From the line with "Vox AP3 Amplug" to the end of the data below, restate each line word for word, both ends included, without the pictures.

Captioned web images
════════
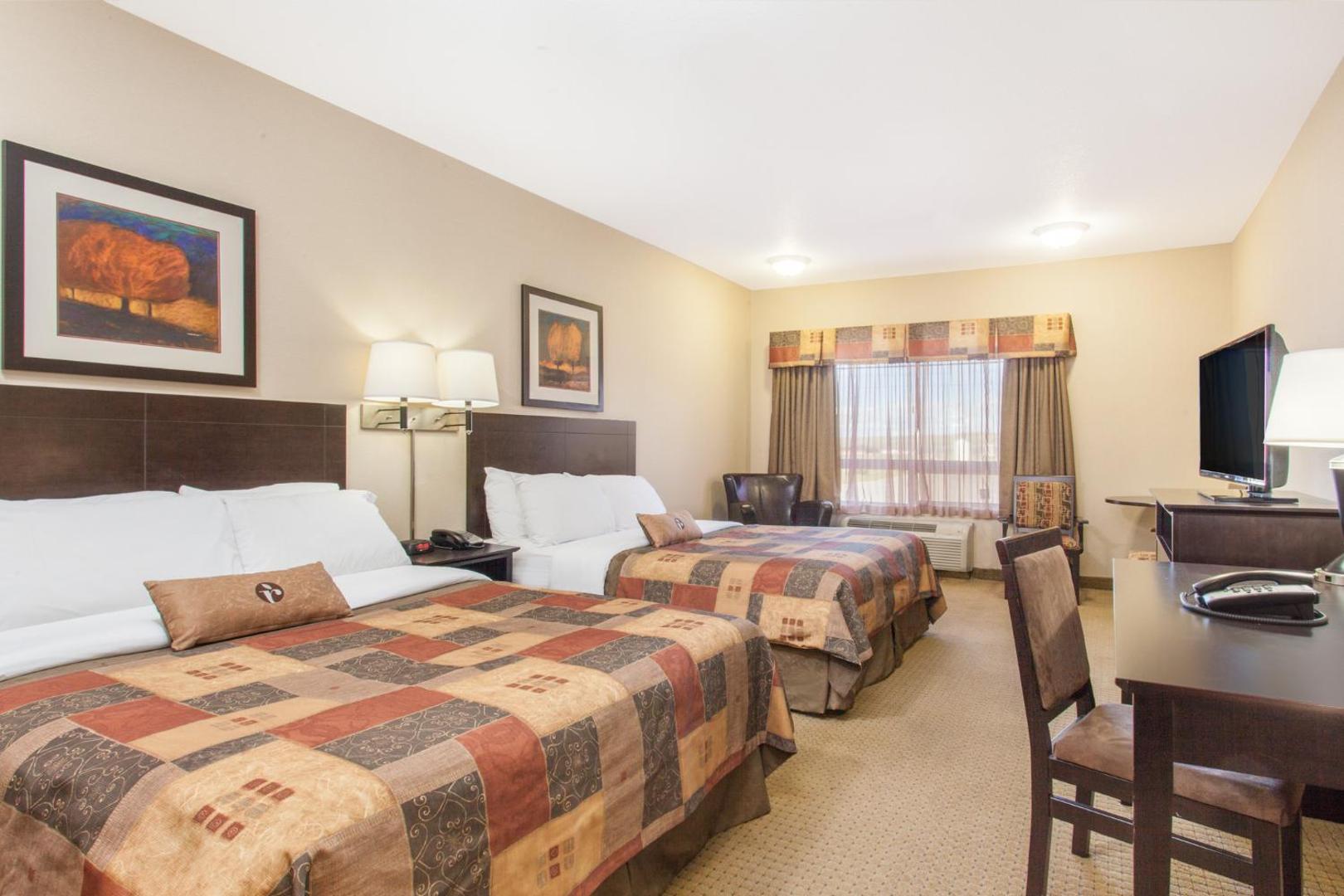 Foto 9: Ramada by Wyndham Pincher Creek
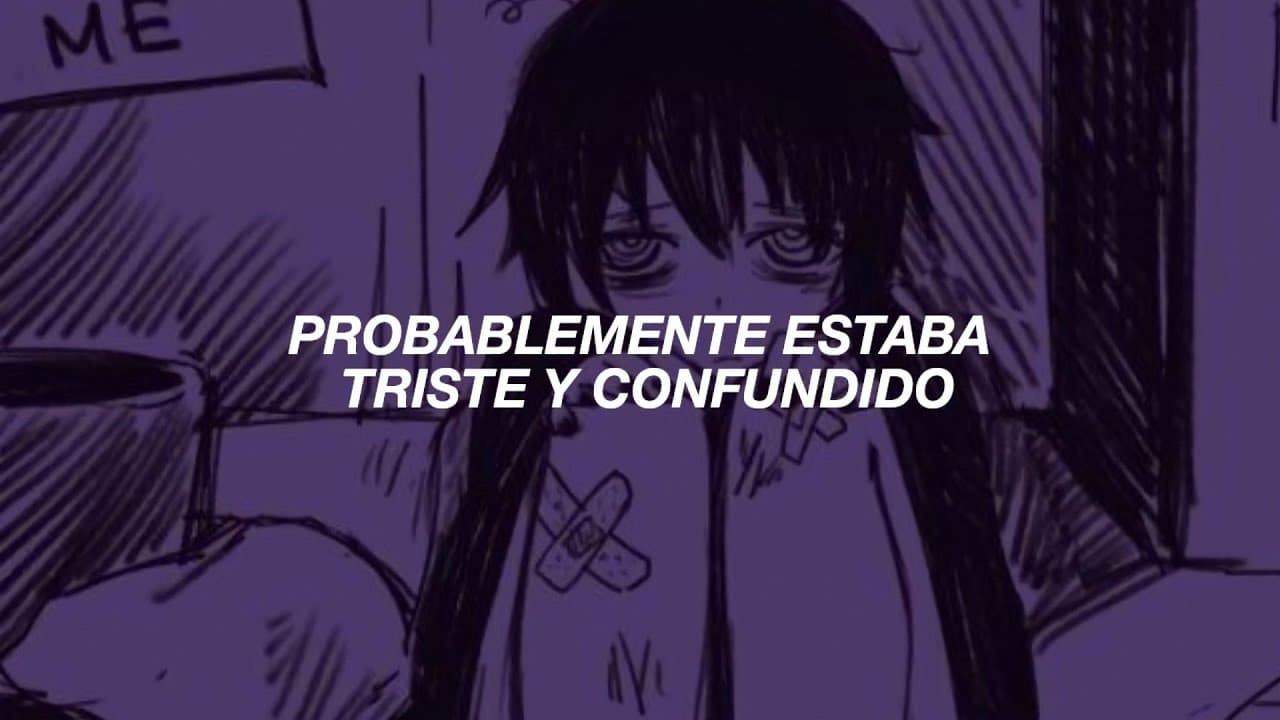 "what about me"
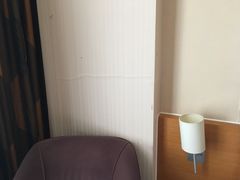 -北京望京华彩智选假日酒店
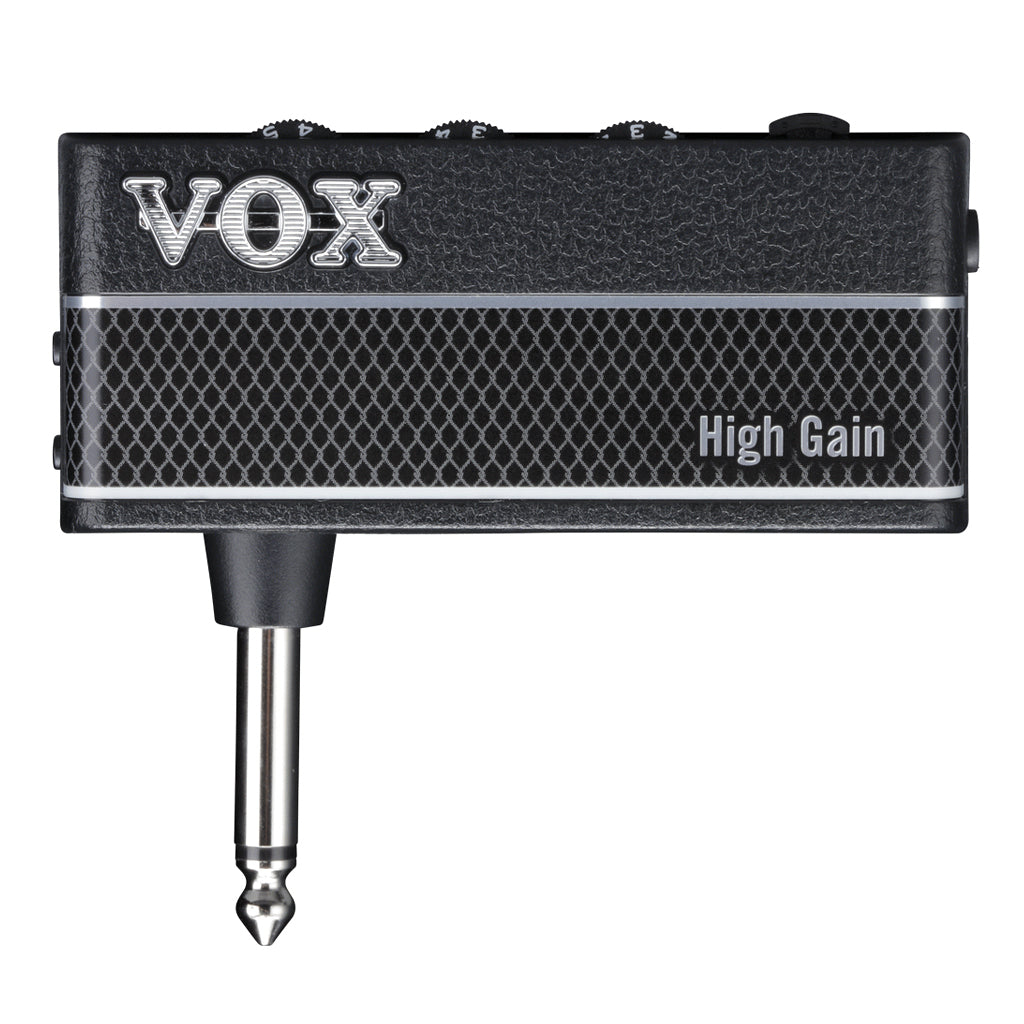 Vox AP3 Amplug 3 High Gain Headphone Amp - Image 3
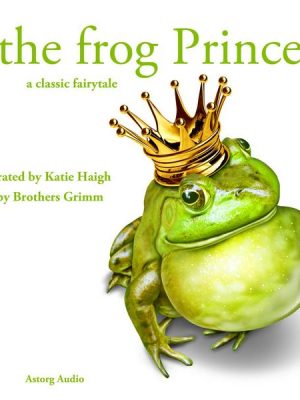 The Frog Prince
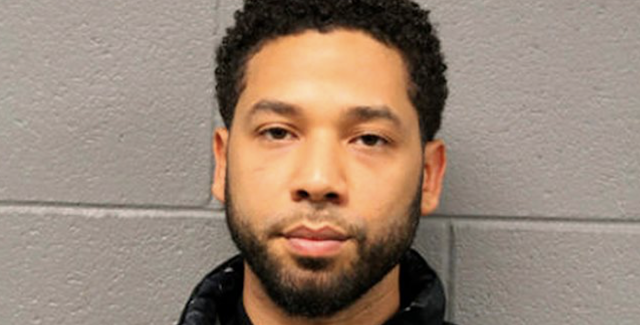 Time To Pay Up, Jussie: Chicago Files Lawsuit Against Smollett Over His Fake Hate Crime Fiasco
════════
**Answer box:**
 Vox AP3 Amplug 3 High Gain Headphone Amp - Image 3
 The Frog Prince
 Time To Pay Up, Jussie: Chicago Files Lawsuit Against Smollett Over His Fake Hate Crime Fiasco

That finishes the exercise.